WHAT YOU WILL DO:
Retrieve all lines below that have the string "Gold".
>>>>>
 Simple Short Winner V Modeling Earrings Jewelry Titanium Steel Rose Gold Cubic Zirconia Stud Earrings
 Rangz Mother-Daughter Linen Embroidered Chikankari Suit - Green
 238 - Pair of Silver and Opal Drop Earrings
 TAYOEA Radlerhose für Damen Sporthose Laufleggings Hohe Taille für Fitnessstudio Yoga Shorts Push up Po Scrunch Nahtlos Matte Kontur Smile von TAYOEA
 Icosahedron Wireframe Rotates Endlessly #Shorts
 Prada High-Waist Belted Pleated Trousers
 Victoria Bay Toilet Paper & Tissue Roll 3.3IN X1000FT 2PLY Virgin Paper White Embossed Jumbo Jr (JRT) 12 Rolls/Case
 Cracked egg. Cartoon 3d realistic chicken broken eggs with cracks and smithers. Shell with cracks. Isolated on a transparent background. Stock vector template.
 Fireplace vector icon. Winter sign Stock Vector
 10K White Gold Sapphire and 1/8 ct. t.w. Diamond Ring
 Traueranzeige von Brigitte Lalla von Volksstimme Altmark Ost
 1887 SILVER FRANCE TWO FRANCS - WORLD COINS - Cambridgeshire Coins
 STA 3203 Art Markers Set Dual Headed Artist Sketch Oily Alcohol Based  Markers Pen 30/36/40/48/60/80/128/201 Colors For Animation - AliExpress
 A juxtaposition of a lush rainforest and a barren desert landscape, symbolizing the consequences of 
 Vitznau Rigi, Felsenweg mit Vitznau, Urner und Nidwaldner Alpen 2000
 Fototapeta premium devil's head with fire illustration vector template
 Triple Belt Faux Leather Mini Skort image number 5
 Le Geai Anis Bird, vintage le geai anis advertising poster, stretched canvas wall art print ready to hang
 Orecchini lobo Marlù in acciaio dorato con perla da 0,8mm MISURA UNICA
<<<<<
WRITTEN RESPONSE:
 Simple Short Winner V Modeling Earrings Jewelry Titanium Steel Rose Gold Cubic Zirconia Stud Earrings
 10K White Gold Sapphire and 1/8 ct. t.w. Diamond Ring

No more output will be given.